Oil futures fell Wednesday as uncertainty over Russia’s willingness to cut production and a monthly rise in output from OPEC members sent prices lower for a second consecutive session, according to Bloomberg MarketWatch.
On the New York Mercantile Exchange, November West Texas Intermediate crude fell 61 cents, or 1.2%, to settle at $50.18 a barrel after losing 1.1% a day earlier.
On the London ICE Futures Exchange, December Brent crude, the global benchmark, lost 60 cents, or 1.1%, to end trading at $51.81 a barrel.
The increase in oil production comes at a time when OPEC producers are in discussions with Russia, a non-OPEC player, on ways to reduce the glut and stabilize prices.
Global oil supply in September hit 97.2 million barrels a day, 600,000 barrels more than the previous month and 200,000 barrels a day higher than the corresponding month a year ago, according to the International Energy Agency. The data showed the majority of the rise came from Russia.

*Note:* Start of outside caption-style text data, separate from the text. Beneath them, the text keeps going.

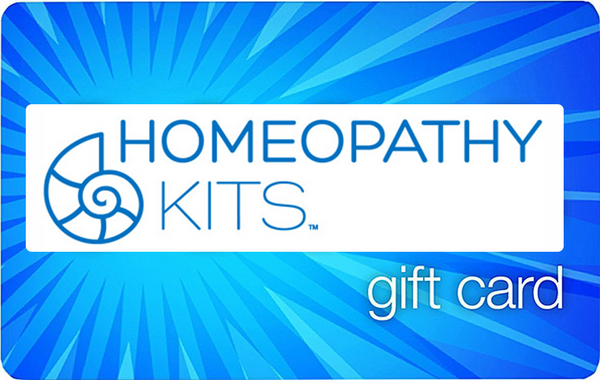 homeopathy-kits-gift-card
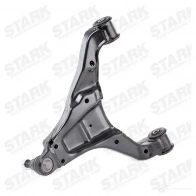 Рычаг STARK AF 2QT1Z skca0050692 1437789680 - Изображение 10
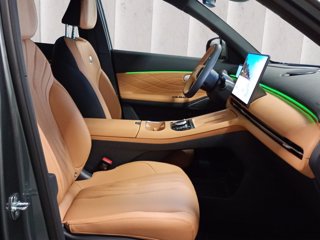 GEELY Starray EM-i 1.5 phev Launch Edition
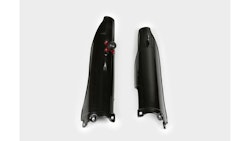 UFO Plast Gabelprotektor [KA03775-001]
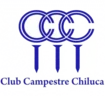 Club Campestre Chiluca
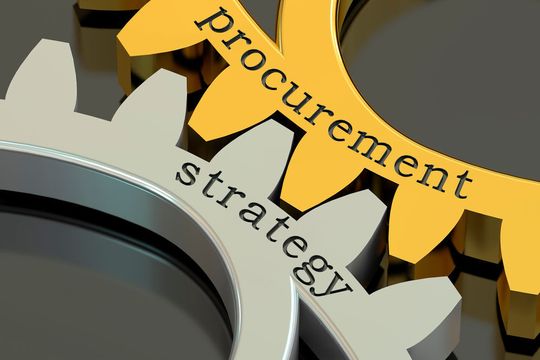Erfolgsfaktoren für eine professionelle Beschaffung: Auf der BME-Konferenz werden nicht nur strategische Beschaffungskonzepte und praktische Maßnahmen vorgestellt, sondern auch verschiedene Lösungsansätze diskutiert. Erfolgsfaktoren für eine professionelle Beschaffung: Auf der BME-Konferenz werden nicht nur strategische Beschaffungskonzepte und praktische Maßnahmen vorgestellt, sondern auch verschiedene Lösungsansätze diskutiert.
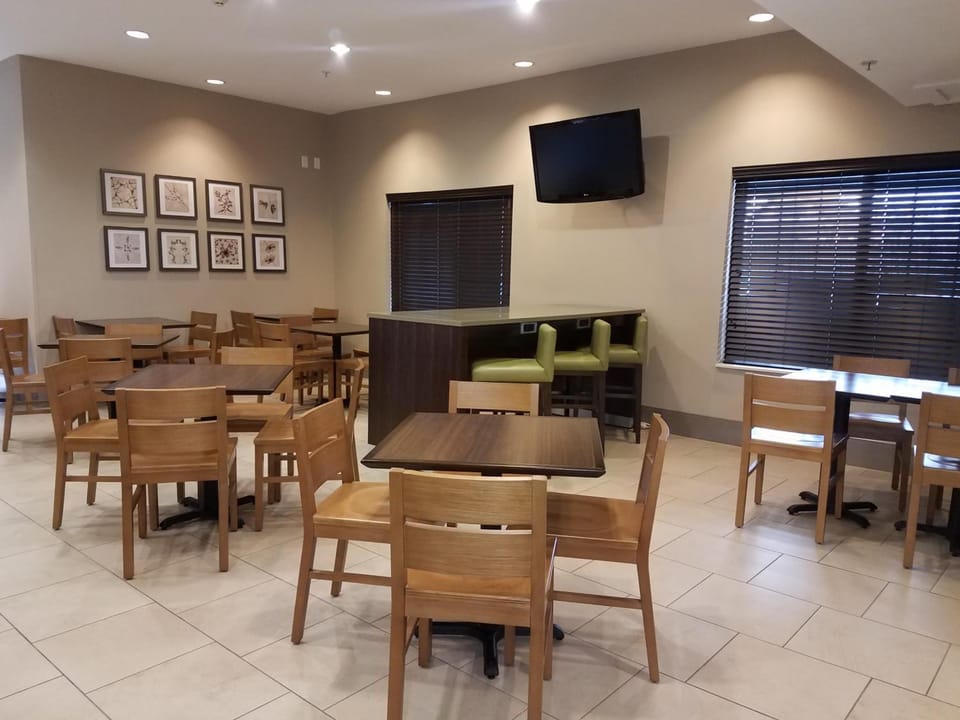 Country Inn & Suites by Radisson, Indianapolis Airport South, IN Hotel in Indianapolis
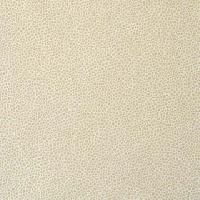 Finished Buff Leather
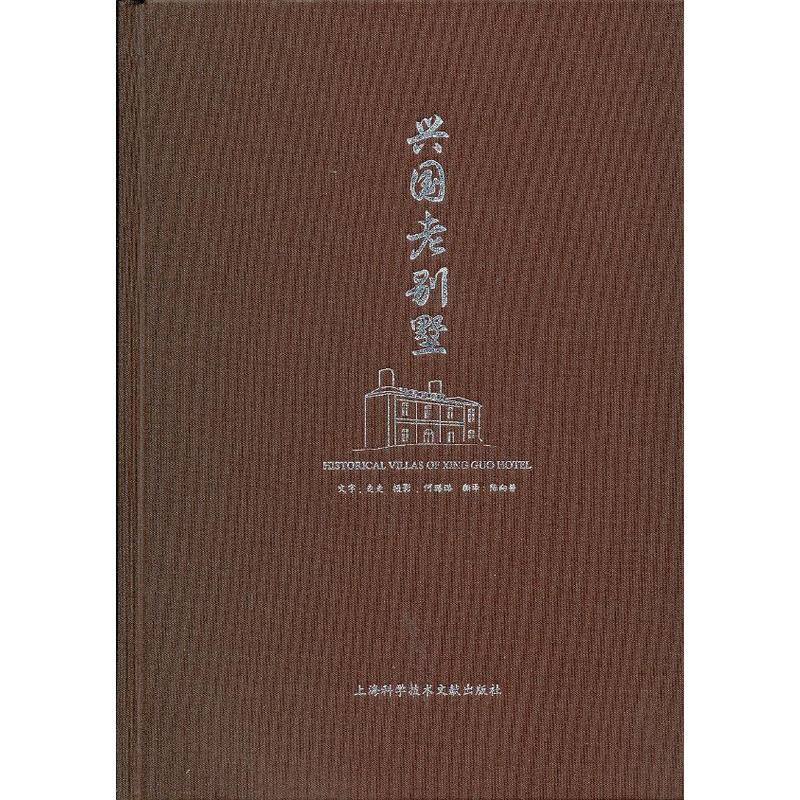 �d��(gu��)�τe��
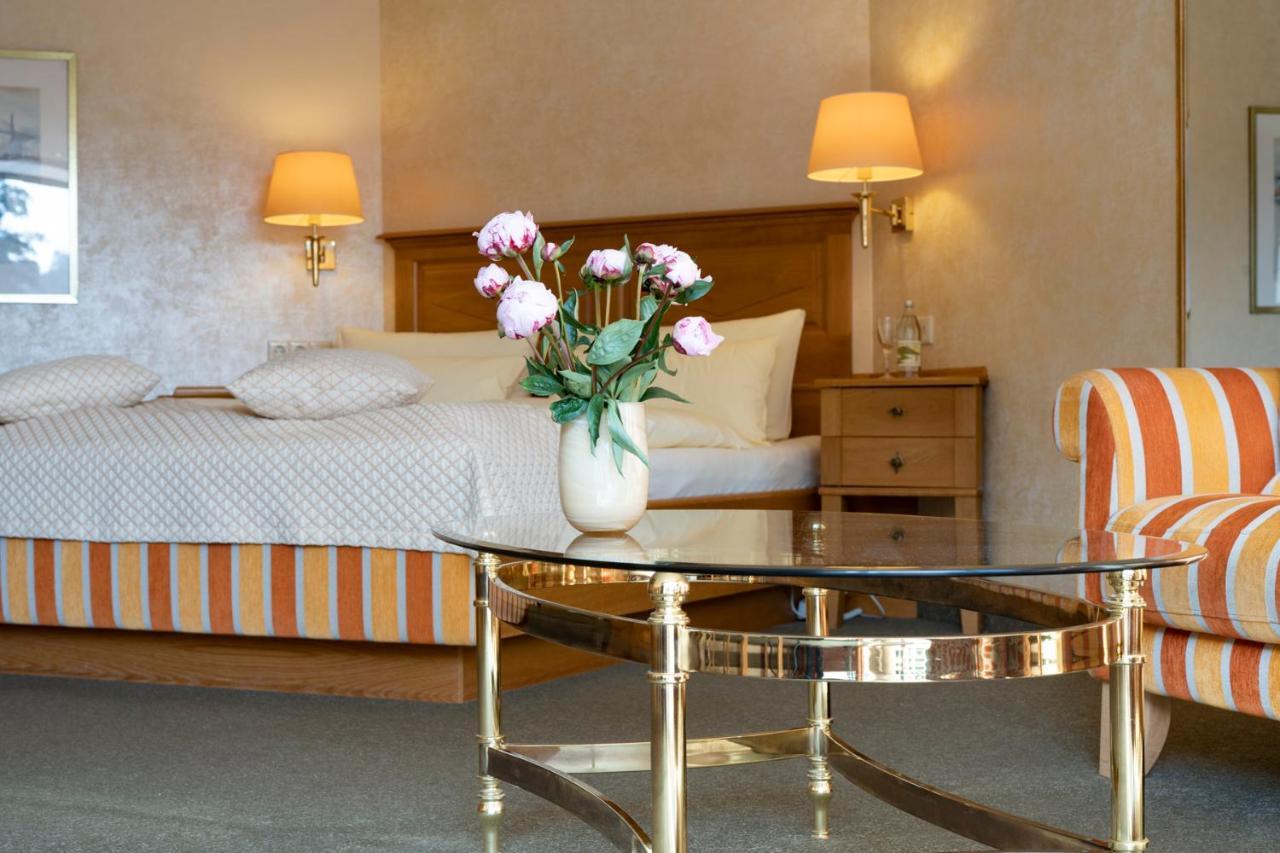 Junior Suite Haupthaus Teichblick,1586825869:JPEG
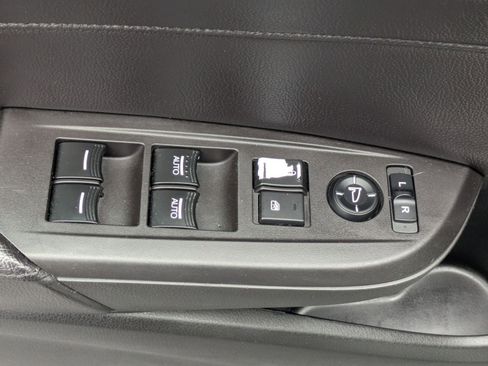 Used 2019 Acura ILX image 20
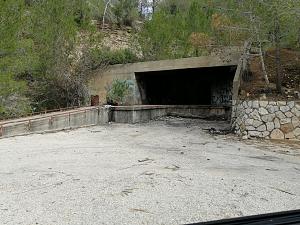 Click image for larger version. 

Name:	__IMG_20200117_121802.jpg 
Views:	106 
Size:	774.6  
ID:	148906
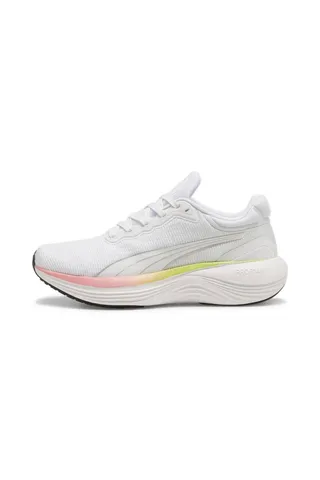 <span class="text-styled__StyledSpan-sc-d280c10c-1 dvOaRP">Puma< span>31000002 کفش ورزشی Puma Scend Pro Ultra Wn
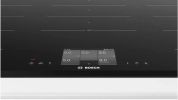 Варочная панель Bosch PXX995KX5E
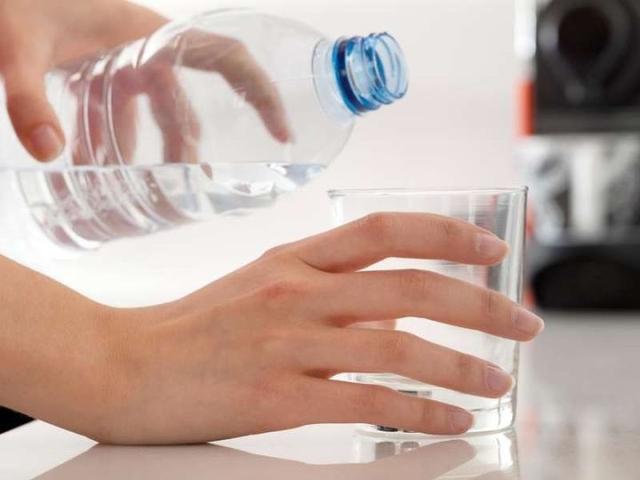 風(fēng)靡國外的“清潔飲食”減肥法，只需這6個(gè)簡單步驟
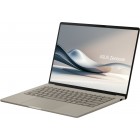 ASUS Ноутбук Zenbook 14 UX3407QA-QD305W 14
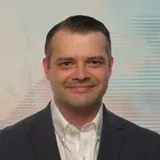 Image for Beyond Premium - A Python Library for Ergodic Insurance Optimization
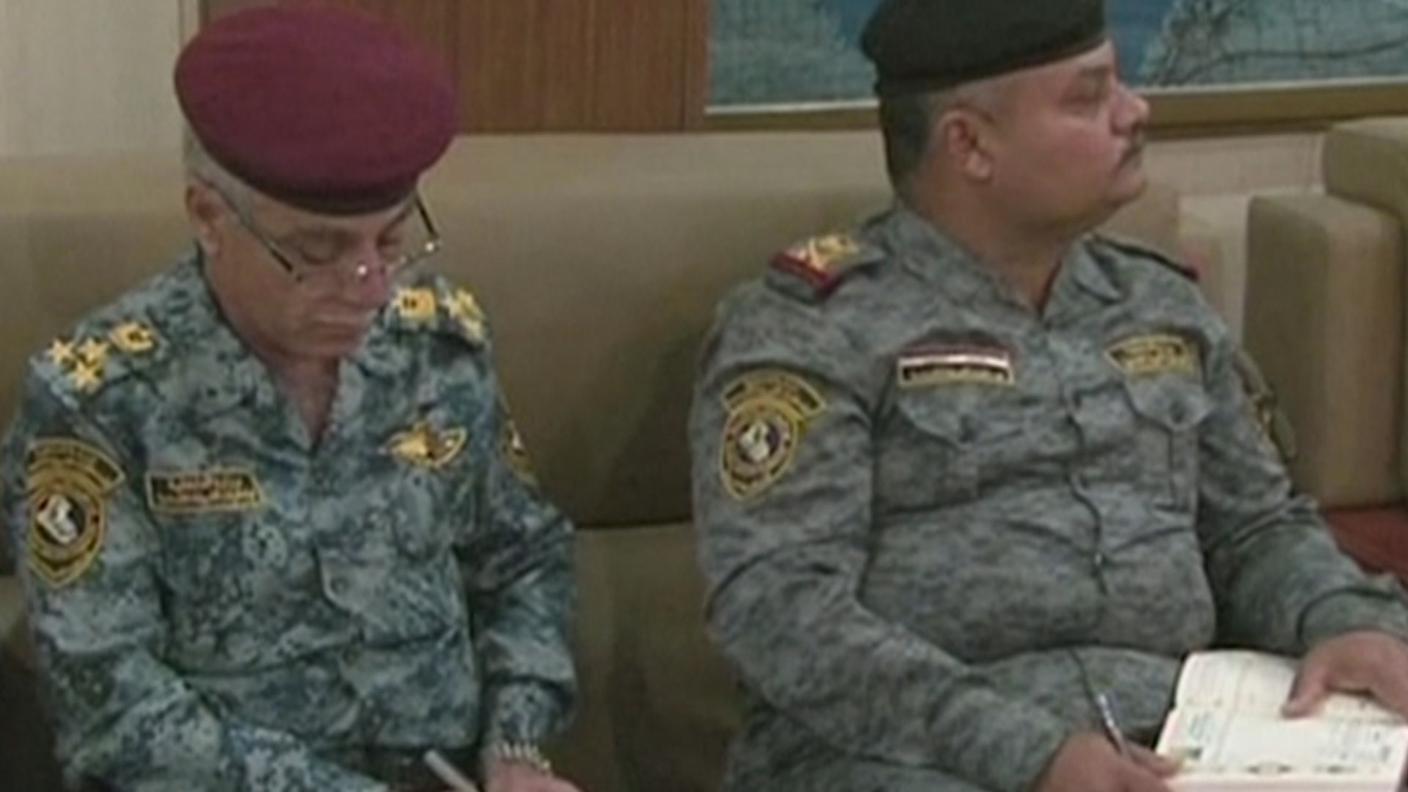 TG - IRAQ.JPG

Energy investors will also be eyeing the U.S. weekly inventories data due Thursday from the U.S. Energy Information Administration. The American Petroleum Institute will release its own data late Wednesday. The reports were each delayed by a day due to the Columbus Day holiday on Monday.
Analysts polled by S&P Global Platts expect an increase of 250,000 barrels in crude stocks on the back of a decline in refinery activity because of fall refinery maintenance and some unplanned outages. But crude supplies have shown unexpected declines for the past five weeks in a row.
Early Thursday, the EIA will also release its short-term energy outlook and winter fuels outlook reports and an update on U.S. natural gas supplies.
Meanwhile, November natural gas fell by 2.7 cents, or 0.8%, to settle at $3.21 per million British thermal units on the New York Mercantile Exchange after losing 1.2% a day earlier.